-- Your objective --
From top to bottom, return the records that follow exactly.

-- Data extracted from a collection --
╔══

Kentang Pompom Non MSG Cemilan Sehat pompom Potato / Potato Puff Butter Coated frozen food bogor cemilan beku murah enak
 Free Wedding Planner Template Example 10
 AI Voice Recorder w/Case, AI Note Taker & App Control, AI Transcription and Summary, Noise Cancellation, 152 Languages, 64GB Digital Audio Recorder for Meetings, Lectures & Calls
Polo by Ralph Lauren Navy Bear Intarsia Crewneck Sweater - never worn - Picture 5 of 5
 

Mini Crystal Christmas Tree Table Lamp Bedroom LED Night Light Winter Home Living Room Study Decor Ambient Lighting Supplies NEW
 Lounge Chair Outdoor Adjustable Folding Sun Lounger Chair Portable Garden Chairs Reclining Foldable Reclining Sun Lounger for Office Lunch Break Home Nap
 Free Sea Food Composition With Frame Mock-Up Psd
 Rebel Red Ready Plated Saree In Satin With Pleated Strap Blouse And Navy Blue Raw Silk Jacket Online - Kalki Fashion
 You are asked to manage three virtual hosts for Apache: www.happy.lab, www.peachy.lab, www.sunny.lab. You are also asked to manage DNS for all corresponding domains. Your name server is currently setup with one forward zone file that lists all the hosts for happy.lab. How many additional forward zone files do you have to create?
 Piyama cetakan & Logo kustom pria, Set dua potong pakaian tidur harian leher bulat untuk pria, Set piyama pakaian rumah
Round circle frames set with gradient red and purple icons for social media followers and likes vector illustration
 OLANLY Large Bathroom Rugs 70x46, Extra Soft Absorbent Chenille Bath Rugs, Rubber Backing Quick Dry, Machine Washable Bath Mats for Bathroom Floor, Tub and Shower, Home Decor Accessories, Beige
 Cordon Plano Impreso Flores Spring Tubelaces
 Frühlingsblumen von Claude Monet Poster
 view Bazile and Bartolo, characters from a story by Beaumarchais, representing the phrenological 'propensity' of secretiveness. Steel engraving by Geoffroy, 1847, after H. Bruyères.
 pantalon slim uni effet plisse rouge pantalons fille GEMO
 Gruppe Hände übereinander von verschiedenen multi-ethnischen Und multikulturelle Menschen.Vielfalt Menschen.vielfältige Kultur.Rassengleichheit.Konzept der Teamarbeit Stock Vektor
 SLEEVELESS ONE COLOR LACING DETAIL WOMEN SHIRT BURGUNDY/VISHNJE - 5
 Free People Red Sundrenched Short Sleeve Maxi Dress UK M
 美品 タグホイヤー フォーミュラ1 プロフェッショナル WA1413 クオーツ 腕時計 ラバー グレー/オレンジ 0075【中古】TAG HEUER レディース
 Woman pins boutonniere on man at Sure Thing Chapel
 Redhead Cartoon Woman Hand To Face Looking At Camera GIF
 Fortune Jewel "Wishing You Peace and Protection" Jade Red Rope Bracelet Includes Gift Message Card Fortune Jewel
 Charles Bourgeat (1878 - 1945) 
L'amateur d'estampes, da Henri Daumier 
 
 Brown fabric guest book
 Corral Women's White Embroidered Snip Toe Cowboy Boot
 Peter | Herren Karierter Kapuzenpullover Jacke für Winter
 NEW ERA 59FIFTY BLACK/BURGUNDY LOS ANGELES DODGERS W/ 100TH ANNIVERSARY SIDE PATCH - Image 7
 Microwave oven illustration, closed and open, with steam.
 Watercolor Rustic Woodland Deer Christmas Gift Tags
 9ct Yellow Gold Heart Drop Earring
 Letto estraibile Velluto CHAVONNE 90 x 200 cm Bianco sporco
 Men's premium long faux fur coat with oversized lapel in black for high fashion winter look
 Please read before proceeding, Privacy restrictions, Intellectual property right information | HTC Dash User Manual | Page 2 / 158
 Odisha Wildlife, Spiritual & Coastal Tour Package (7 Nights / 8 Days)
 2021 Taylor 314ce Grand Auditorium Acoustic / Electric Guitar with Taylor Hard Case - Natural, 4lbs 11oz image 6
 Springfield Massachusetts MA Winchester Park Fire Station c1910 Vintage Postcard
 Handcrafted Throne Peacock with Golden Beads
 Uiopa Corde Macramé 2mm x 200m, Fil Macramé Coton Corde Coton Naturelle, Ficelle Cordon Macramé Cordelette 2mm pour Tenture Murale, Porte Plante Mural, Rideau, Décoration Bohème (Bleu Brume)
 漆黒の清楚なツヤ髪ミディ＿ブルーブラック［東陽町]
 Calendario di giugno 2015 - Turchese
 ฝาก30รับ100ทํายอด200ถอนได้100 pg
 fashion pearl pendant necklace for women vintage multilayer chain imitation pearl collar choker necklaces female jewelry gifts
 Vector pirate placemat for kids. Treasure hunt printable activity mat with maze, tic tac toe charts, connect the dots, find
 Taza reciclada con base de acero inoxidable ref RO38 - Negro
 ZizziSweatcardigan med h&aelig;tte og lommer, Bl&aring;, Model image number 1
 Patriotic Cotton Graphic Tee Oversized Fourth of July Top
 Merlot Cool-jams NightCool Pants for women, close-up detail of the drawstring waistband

╚══

-- Task solution --
Kentang Pompom Non MSG Cemilan Sehat pompom Potato / Potato Puff Butter Coated frozen food bogor cemilan beku murah enak
 Free Wedding Planner Template Example 10
 AI Voice Recorder w/Case, AI Note Taker & App Control, AI Transcription and Summary, Noise Cancellation, 152 Languages, 64GB Digital Audio Recorder for Meetings, Lectures & Calls
Polo by Ralph Lauren Navy Bear Intarsia Crewneck Sweater - never worn - Picture 5 of 5
 

Mini Crystal Christmas Tree Table Lamp Bedroom LED Night Light Winter Home Living Room Study Decor Ambient Lighting Supplies NEW
 Lounge Chair Outdoor Adjustable Folding Sun Lounger Chair Portable Garden Chairs Reclining Foldable Reclining Sun Lounger for Office Lunch Break Home Nap
 Free Sea Food Composition With Frame Mock-Up Psd
 Rebel Red Ready Plated Saree In Satin With Pleated Strap Blouse And Navy Blue Raw Silk Jacket Online - Kalki Fashion
 You are asked to manage three virtual hosts for Apache: www.happy.lab, www.peachy.lab, www.sunny.lab. You are also asked to manage DNS for all corresponding domains. Your name server is currently setup with one forward zone file that lists all the hosts for happy.lab. How many additional forward zone files do you have to create?
 Piyama cetakan & Logo kustom pria, Set dua potong pakaian tidur harian leher bulat untuk pria, Set piyama pakaian rumah
Round circle frames set with gradient red and purple icons for social media followers and likes vector illustration
 OLANLY Large Bathroom Rugs 70x46, Extra Soft Absorbent Chenille Bath Rugs, Rubber Backing Quick Dry, Machine Washable Bath Mats for Bathroom Floor, Tub and Shower, Home Decor Accessories, Beige
 Cordon Plano Impreso Flores Spring Tubelaces
 Frühlingsblumen von Claude Monet Poster
 view Bazile and Bartolo, characters from a story by Beaumarchais, representing the phrenological 'propensity' of secretiveness. Steel engraving by Geoffroy, 1847, after H. Bruyères.
 pantalon slim uni effet plisse rouge pantalons fille GEMO
 Gruppe Hände übereinander von verschiedenen multi-ethnischen Und multikulturelle Menschen.Vielfalt Menschen.vielfältige Kultur.Rassengleichheit.Konzept der Teamarbeit Stock Vektor
 SLEEVELESS ONE COLOR LACING DETAIL WOMEN SHIRT BURGUNDY/VISHNJE - 5
 Free People Red Sundrenched Short Sleeve Maxi Dress UK M
 美品 タグホイヤー フォーミュラ1 プロフェッショナル WA1413 クオーツ 腕時計 ラバー グレー/オレンジ 0075【中古】TAG HEUER レディース
 Woman pins boutonniere on man at Sure Thing Chapel
 Redhead Cartoon Woman Hand To Face Looking At Camera GIF
 Fortune Jewel "Wishing You Peace and Protection" Jade Red Rope Bracelet Includes Gift Message Card Fortune Jewel
 Charles Bourgeat (1878 - 1945) 
L'amateur d'estampes, da Henri Daumier 
 
 Brown fabric guest book
 Corral Women's White Embroidered Snip Toe Cowboy Boot
 Peter | Herren Karierter Kapuzenpullover Jacke für Winter
 NEW ERA 59FIFTY BLACK/BURGUNDY LOS ANGELES DODGERS W/ 100TH ANNIVERSARY SIDE PATCH - Image 7
 Microwave oven illustration, closed and open, with steam.
 Watercolor Rustic Woodland Deer Christmas Gift Tags
 9ct Yellow Gold Heart Drop Earring
 Letto estraibile Velluto CHAVONNE 90 x 200 cm Bianco sporco
 Men's premium long faux fur coat with oversized lapel in black for high fashion winter look
 Please read before proceeding, Privacy restrictions, Intellectual property right information | HTC Dash User Manual | Page 2 / 158
 Odisha Wildlife, Spiritual & Coastal Tour Package (7 Nights / 8 Days)
 2021 Taylor 314ce Grand Auditorium Acoustic / Electric Guitar with Taylor Hard Case - Natural, 4lbs 11oz image 6
 Springfield Massachusetts MA Winchester Park Fire Station c1910 Vintage Postcard
 Handcrafted Throne Peacock with Golden Beads
 Uiopa Corde Macramé 2mm x 200m, Fil Macramé Coton Corde Coton Naturelle, Ficelle Cordon Macramé Cordelette 2mm pour Tenture Murale, Porte Plante Mural, Rideau, Décoration Bohème (Bleu Brume)
 漆黒の清楚なツヤ髪ミディ＿ブルーブラック［東陽町]
 Calendario di giugno 2015 - Turchese
 ฝาก30รับ100ทํายอด200ถอนได้100 pg
 fashion pearl pendant necklace for women vintage multilayer chain imitation pearl collar choker necklaces female jewelry gifts
 Vector pirate placemat for kids. Treasure hunt printable activity mat with maze, tic tac toe charts, connect the dots, find
 Taza reciclada con base de acero inoxidable ref RO38 - Negro
 ZizziSweatcardigan med h&aelig;tte og lommer, Bl&aring;, Model image number 1
 Patriotic Cotton Graphic Tee Oversized Fourth of July Top
 Merlot Cool-jams NightCool Pants for women, close-up detail of the drawstring waistband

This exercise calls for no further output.